To investigate a ‘real-world’ situation using an actual treatment algorithm, we undertook paired blood sample analysis of 99 patients undergoing cardiac surgery at baseline, post-bypass following reversal of heparin, and whenever the attending anaesthetist asked for a TEG5000 test post protamine to treat coagulopathy as per our established TEG5000–based TMACS.

Methods

This was a single-centre prospective trial conducted at Waikato Hospital, New Zealand, which is a tertiary referral hospital performing 500–600 cardiac surgical cases requiring cardiopulmonary bypass (CPB) annually. Local District Health Board ethics approval and HDEC National Ethics approval was obtained on 15 June 2016 (reference 16/STH/82) and informed consent was obtained from every patient.

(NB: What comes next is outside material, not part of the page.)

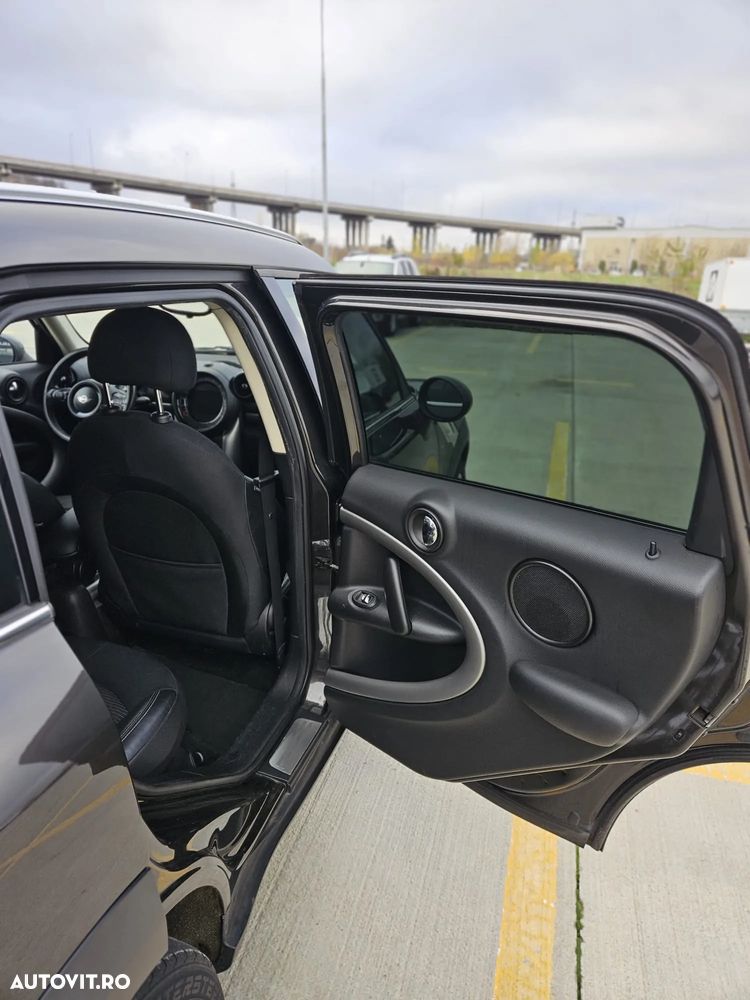 Mini Countryman Cooper D - 16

Patients were recruited between 27 October 2016 and 30 June 2017.

A TEG6s machine and the necessary global cartridges were provided free of charge by the Haemonetics Corporation for the purposes of the study. The Haemonetics Corporation had no input into the study design, data collection, analysis, interpretation or drafting of the manuscript. The TEG5000 machines are owned by the hospital and testing was only performed according to established hospital protocols as a standard of care for cardiac surgical patients.

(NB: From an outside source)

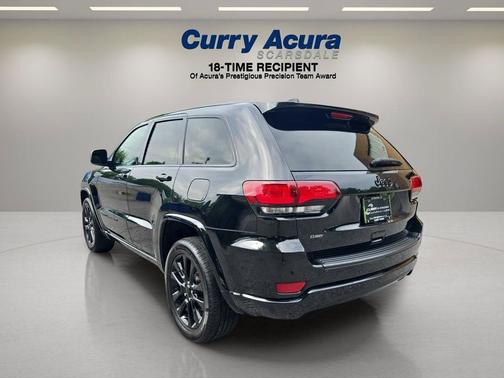 Diamond Black Crystal Pearlcoat 2022 Jeep Grand Cherokee Laredo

The primary outcome of the study was to determine whether using TEG6s and a global cartridge gave results similar enough to a non-citrated TEG5000 to allow clinical interchangeability of the two devices using the current TMACS at our institution. Secondary outcomes were to investigate the agreement between parameters produced on the TEG6s global cartridge and those available on TEG5000 in a cardiac surgical population.

Inclusion criteria were adult patients booked for elective or semi-urgent (in-hours surgery but admitted acutely) cardiac surgery with CBP. Patients were excluded if they had received an adenosine diphosphate receptor antagonist, warfarin, low molecular weight heparins, Xa inhibitors or IIa inhibitors in a time frame consistent with the drugs still having a clinical effect at time of surgery. Other exclusion criteria included emergency surgery, inability to speak English, age less than 18 years or an inability to provide informed consent.

The calculation of sample size was hampered by a paucity of published studies. We took a pragmatic approach where we considered a 10% difference in MA to be clinically important. Assuming TEG6s values could be higher or lower than the TEG5000 value and an alpha of 0.05, this gave a sample size of 97 patients. A total of 99 patients were recruited. This may have underpowered the study for other parameters evaluated; however, each included patient had at least two paired samples taken at different times during surgery, more than doubling the paired samples for comparison for most parameters. See Figure 2 for details.

Blood was taken from patients after the start of anaesthesia and prior to heparin administration (baseline) and nine minutes after the reversal of heparin with protamine after CPB (post-protamine). Following removal of a minimum of 7 ml of blood from the radial arterial line (to remove approximately five line dead spaces), sample blood was taken from the arterial line into two separate 3 ml syringes. Subsequently, 2.7 ml of blood from one of the syringes was then immediately transferred into a 0.109 M citrated blood tube (BD Vacutainer® 9NC by Becton, Dickinson and Company, USA) and inverted five times. After inversion of the citrated blood tube, blood from the tube was allowed to sit for four minutes then used to perform TEG6s testing using a global cartridge as per manufacturer instructions. The other syringe was used to immediately perform TEG5000 testing. The specific tests run on the TEG5000 (kaolin, kaolin with heparinase (KH) and functional fibrinogen (FF)) were performed as per manufacturer recommendations and according to our institutional TMACS (Figure 1). All testing was performed by one of seven cardiac anaesthetic technicians, all of whom were hospital approved regular users of the TEG5000 and were all trained to use the TEG6s by Haemonetics Corporation prior to study commencement.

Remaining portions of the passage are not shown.